[Pulp-dev] Content types which are not compatible with the normal pulp workflow

Sat May 26 00:23:33 UTC 2018

@Brian

I agree with a lot of those points, but I would say that we're not just
competing against hodgepodge collections of "scripts", but also against
writing small microservice-y Flask apps that only implement the API for one
content type.

Also, rollback is not something Pulp would necessarily be able to offer
with respect to history-sensitive content and metadata, like git
repositories, or the Cargo example I provided.  It's still something the
plugin writer would have to implement themselves in this case.

@Jeff

perhaps a new component of a Publication like PublishedDirectory that
> references an OSTree/Git repository created in /var/lib/pulp/published.
>

I like the idea generally, but I don't think it would be able to be a
component of a Publication.  I think it would need to be an alternative to
a Publication which fulfills a similar function.

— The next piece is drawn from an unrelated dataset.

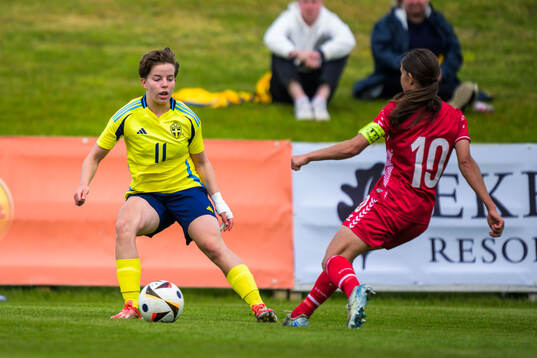 Isabelle Goldmann of Sweden and Ida-Sofie Rathe of Denmark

The fundamental problem is this scenario:

   1. You upload a git repository with a git repository plugin
   2. You publish and distribute version 1 of the git repository
   3. You publish and distribute version 2 of the git repository
   4. A client downloads the git repository
   5. You notice a problem and decide to roll back to version 1.  A
   publication of version 1 already exists, which you distribute.
   6. Clients have a broken git history.  New clients can download the old
   version but anyone who has already downloaded version 2 will not be able to
   roll back to version 1 by pulling from Pulp

We need to prevent step 5 from happening.

There are a couple of possible solutions to this problem:

   - As a Pulp admin, you ignore Pulp's rollback functionality.  Instead of
   using Pulp to roll back, you manually revert the commits using git, and
   upload a new version of the repository to Pulp as "version 3".  You then
   distribute version 3 instead of version 1.  You understand that if you were
   to publish and old version using Pulp, it would misbehave for clients that
   tried to pull / update instead of cloning.

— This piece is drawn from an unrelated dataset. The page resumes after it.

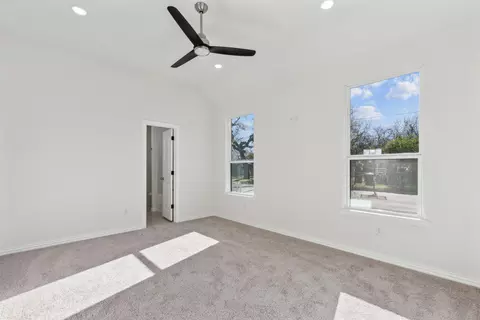 607 S Anglin St, Cleburne, TX 76031 photo 21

   - As a Pulp admin / plugin writer / user, you know that the client for
   the content type will never try to pull or update, only clone.  Therefore
   it is not a problem for you and can be ignored.

   - As a Plugin writer, whenever you publish a new version of the git
   repository, you delete or invalidate every publication for previous
   versions for the distribution base path.  If a Pulp admin wants to roll
   back, they need to create a new Publication.  The Plugin knows to apply
   revert commits on top of the repository to keep history linear.
   - But really we've just pushed the problem forwards.  What happens when
      you want to upload future versions?  Now history of the git repository in
      Pulp is different from the Pulp admin's git repo history
      - This is only acceptable for content types where the history is
      immaterial to the content itself. Probably viable for Cargo, but probably
      not a Git content type.

   - As a Plugin writer, you ignore publications entirely.  You don't make
   it possible to do the wrong thing. You have something along the lines of a
   "PluginManagedDirectory" which core does not try to mess with.  If you want
   to implement rollback functionality, you do it through your own API where
   the side effects are more easily controlled and reasoned about.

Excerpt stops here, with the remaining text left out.